OTTAWA (Reuters) - U.S. Secretary of State Mike Pompeo on Thursday assured Canadian Prime Minister Justin Trudeau that American officials were working to free two Canadian men who have been held by China since late last year.
The pair, now facing espionage charges, were detained after Canadian police picked up Huawei Technologies Co Chief Financial Officer Meng Wanzhou in Vancouver last December on a U.S. arrest warrant.
Trudeau’s government has pressed the United States to do more for the men.
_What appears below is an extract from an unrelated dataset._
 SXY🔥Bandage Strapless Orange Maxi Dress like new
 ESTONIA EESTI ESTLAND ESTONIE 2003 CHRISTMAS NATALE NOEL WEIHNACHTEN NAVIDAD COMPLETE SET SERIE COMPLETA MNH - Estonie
Pompeo said President Donald Trump had raised the case directly with Chinese President Xi Jinping during a meeting in late June.
“Please do note that our team is focused on helping those two Canadians be released,” Pompeo said at the beginning of a meeting in Ottawa with Trudeau and Canadian Foreign Minister Chrystia Freeland.
“It’s wrong that they are being held.”
Pompeo later said the United States had made clear from the start that the detention of the two men had been inappropriate.
“We have engaged in other diplomatic activity, trying to help make the case for the release of these two,” he told a news conference at the end of the talks.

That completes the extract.